Steampunk è un genere (principalmente)  letterario nato alla fine degli anni ’80 come contrapposizione provocatoria al Cyberpunk. Per le informazioni che si hanno il termine pare essere stato partorito dallo scrittore di fantascienza K. W. Jeter mentre cercava una parola unica per definire le opere di Tim Powers (autore de Le porte di Anubis, 1983), James Blaylock (Homunculus, 1986) oltre che per le proprie (La notte dei Morlock, 1979, e Le macchine infernali, 1987). Si tratta di romanzi di  ambientazione ottocentesca/vittoriana che imitavano le convenzioni della fantascienza dell’epoca (ad esempio La macchina del tempo di H. G. Wells). A rendere ufficiale anche nelle bibliografie il genere Steampunk, però, è stato The Difference Engine del 1990 (in Italia pubblicato col titolo La macchina della realtà) scritto a quattro mani da William Gibson e Bruce Sterling anche se ad utilizzare il termine in un titolo fu per primo Paul Di Filippo con The Steampunk Trilogy del 1995.

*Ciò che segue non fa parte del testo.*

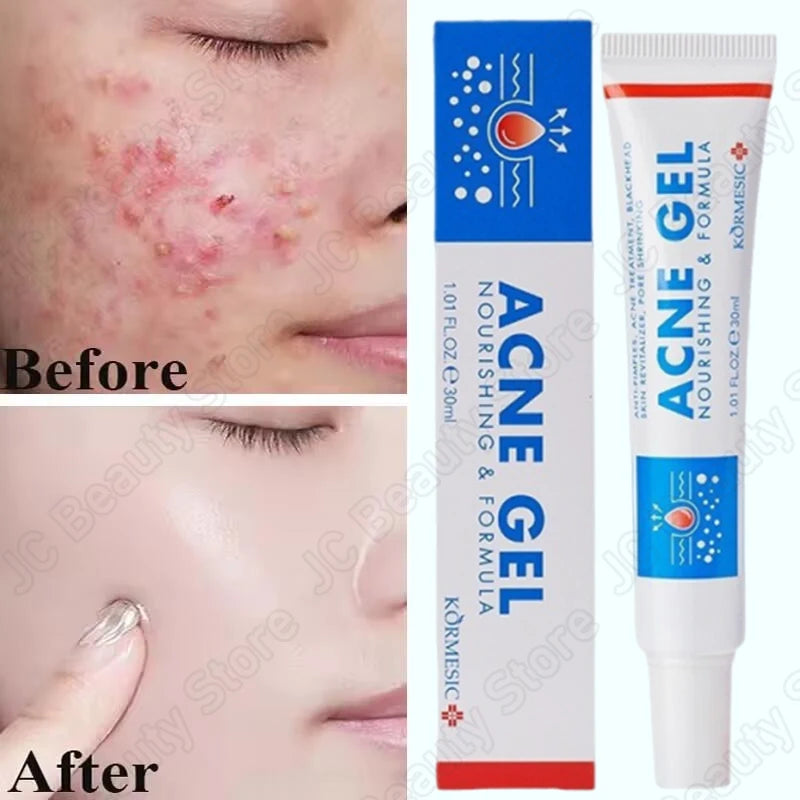 Salicylic Acid Face Cream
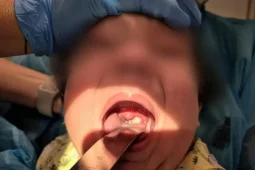 Lékaři v Ostravě museli hospitalizovat 3 lidi pro život ohrožující záškrt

Visto il successo tra gli appassionati di fantascienza, il termine divenne presto di uso comune anche per molte altre forme d’arte tra cui la moda, l’arredamento e, naturalmente, la musica. La moda Steampunk tenta di rispondere alla domanda “cosa sarebbe successo se punk, goth e rivet fossero vissuti in epoca vittoriana?”. E sono dunque considerati parte del genere coloro che adottano acconciature alla mohicana, con massiccio ricorso al piercing, indossando corsetti, sottovesti e completi vittoriani abbinati con occhiali da saldatore e stivali con fibbie a suola larga su calze a rete.
La musica steampunk è in realtà poco definita. Sono in genere gli artisti stessi ad autodefinirsi in questo modo. Di sicuro, componente fondamentale è considerato il look prima ancora della musica stessa le cui tematiche, comunque, devono tener conto delle suggestioni vittoriane derivate dalla letteratura del genere. Molto spesso si esibiscono con strumenti dalle fogge bizzarre, fuori contesto ed esageratamente retrò con utilizzo di strumenti come oboe o fagotto a causa delle meccaniche cromate su telai in legno che li rendono perfetti per integrarsi all’immaginario del genere.
Tra gli artisti che si sono (o sono stati) definiti Steampunk ci sono:  Rasputina, Abney Park, Emilie Autumn, Thomas Dolby, Paul Roland e The Men That Will Not Be Blamed For Nothing.